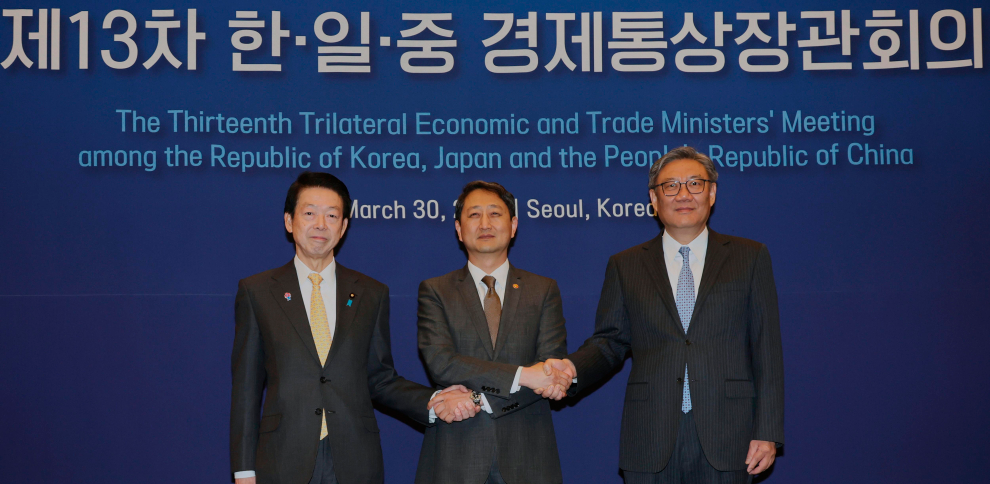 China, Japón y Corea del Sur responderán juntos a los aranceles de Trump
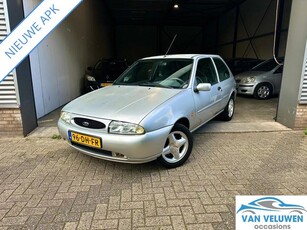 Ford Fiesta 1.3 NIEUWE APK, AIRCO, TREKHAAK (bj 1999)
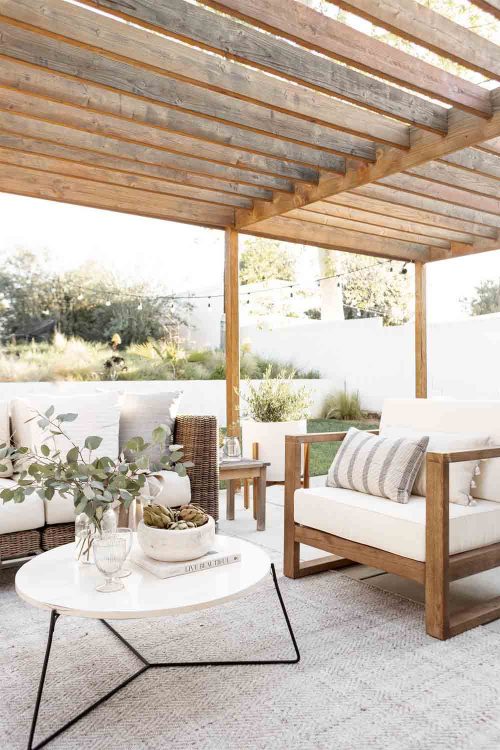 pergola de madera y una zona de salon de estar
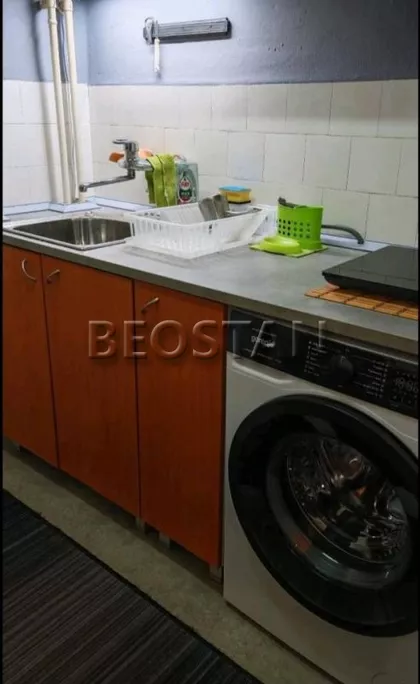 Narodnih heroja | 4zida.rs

* To do
Could the data above be repeated exactly, with every picture dropped?

* Solution for this problem
 China, Japón y Corea del Sur responderán juntos a los aranceles de Trump
 Ford Fiesta 1.3 NIEUWE APK, AIRCO, TREKHAAK (bj 1999)
 pergola de madera y una zona de salon de estar
 Narodnih heroja | 4zida.rs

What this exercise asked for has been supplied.